Welcome to the forum [smiley=beer.gif]

The good news it that I think you have recognized an issue. The bad news is there is not enough data to figure out what that issue is. The guys are right. A tach is the next step. But there are a few things I can share until it arrives. 

- Yes there is a rev limiter in newer Yamaha 25 2 strokes. You will know it when you hit it. The motor goes from sounding like a smooth running high RPM engine to a skipping sound when you hit the max RPMs allowed by the rev limitter. Its an unmistakable sound. My motor was produced in 2007 and hits it at 6500.

- If you have a GPS you will can guestimate how close you are to peak performance based upon some know information. A light weight skiff with an efficient bottom should run around 30-31 MPH if you have a good 10 1/4" 12 pitch 3 blade prop and the motor is set at an optimal hight on the transom. If you pitch is less and you may get to 30-31 MPH but with higher RPMs. 



-


----------



## fredslann (Oct 14, 2009)

Yup..that is the sound it's making...
By GPS its making 25mph WOT...or as WOT as the limiter will allow. Assuming the limiter's values are the same I've got a good bit of bite that needs to be added to the next prop. The hull weigh loaded without me in is close to 480lbs. This is a 1987 alumaweld (now Xpress Boat Co.) that has some V and gets decent lift on plane. I ordred the little Tach this afternoon..

25 feels pretty good!!! Don't know if I can squeeze out 30 but that'd be ahoot if I could. Pullin the prop tomorrow at the shop to see what the pitch on that one is...I'll post on that and see where that leads next.

Great site...thanks much for the help so far!

The Grassrat


----------



## fredslann (Oct 14, 2009)

Took off the prop and its a 9 7/8" X 9..with RPM's hittin the limiter @ 6000....with throttle left over...is it better to add one or two inches of pitch.
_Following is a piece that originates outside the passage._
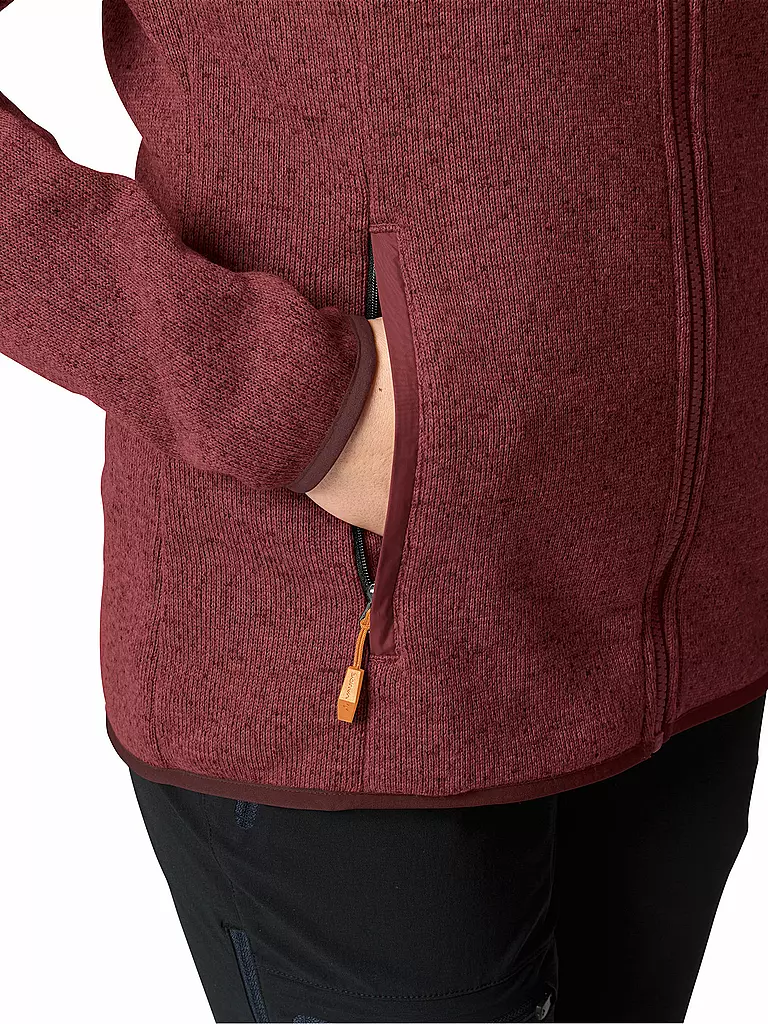 VAUDE | Veste polaire femme Rienza IV |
Seems like I read a rule of thumb of 1" for every 200 RPM. And I think I'd like to hit the 5600 zone on the tach...does that sound about right to ya'll?

One other performance Q. The cavitation place is just about 1.25 inches below the bottom of the hull...with no jackplate should it be at least level wit the bottom to get a tad more perfomance...It really handles well in turns with no blowout in the current height and I'd have to loose that aspect.

And recomdation on SS props..
Thanks again


----------